Planescape: Torment opens eerily. But I was prepared for that. I’ve read about the game; everyone says it’s great, including the exposition.
Other games have beginnings that really stick with me. Deus Ex: Invisible War’s comes to mind. A few minutes into the game, the power in my character’s apartment building briefly went out. I chanced to look up to see the ceiling flicker. It was a hologram, behind which scientists watched. This moment alone was unnerving— but in a generic way (Oh no! I’m a lab rat for some scientists!). What makes it memorable is that the scientists watching me were not part of a evil corporation, but the same people I’d begun to cooperate with and talk to. Maybe I even related to them a little. It made the injustice of being monitored more palpable.
The other game that comes to mind is Unreal. I started off wandering through a prison space-ship after a catastrophe (I can’t remember what it was, or even if the game tells you). There were dead bodies. Streaks of blood colored the walls. It was dark and grim, and the lights flickered, giving strobe glimpses of carnage. At one point, I came to a door, the sort that lifts up and down mechanically. It was raised about a foot above the floor. Behind the door I heard screams and a few gunshots. A spray of blood came out from under the door. The door raised the rest of the way, with nothing behind it but pieces of dead body.
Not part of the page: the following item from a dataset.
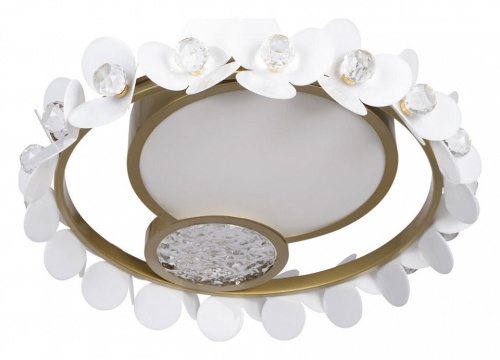 Накладной светильник Loft it Bride 10173 в Нижнем Новгороде фото 4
My twelve-year-old mind was terrified.
I don’t know if PST’s beginning will resonate with me as well as these other games’. It began with my character lying on a table in some sort of gore-splattered dungeon. A floating skull hovered next to me and spoke. The skull was clever, witty, and helpful. On tables around to me, dead bodies lay flayed and dissected. The skull told me scars covered my back. The scars were words; a journal, telling me what to do.
The next thing I remember is me killing some sort of undead worker for a key. I kind of pitied the worker. Then I spent a while trying to find which of the doors the key opened. In a big square room, I had somehow missed it.
In following few minutes, I met grisly and interesting creatures. I can’t remember their names or what they said; I do remember a totally compelling air of eerie mysticism, exaggerated by the gore and the casual chat of my companion (the talking floating skull).
The other thing of note is me killing one of NPC’s there. I entered a conversation with him. Through my bumbling answers to his questions, I ended up provoking him to attack me. I killed him. At first I didn’t mind or care about it. I was under the impression that I couldn’t avoid killing him, that the game made me do it. But in the next 30 minutes of play, I began to feel like I could have avoided the murder. Now everyone in the gruesome building wanted me dead. And rightly so. I had just killed one of the workers. And now I regret killing him.
This whole mental process is an interesting example of how important effecting change can be. Simkins and Steinkuehler talk about this in their paper “Critical Ethical Reasoning and Role-Play“. In a game, a player’s ability or perceived ability to effect change in the game world can be really important to the meanings or feelings a game provokes. When I thought the game structure forced my hand, I wasn’t too interested in the consequences. As soon as the inkling of fault entered my mind—that something could have been another way—I became emotionally invested in what happened.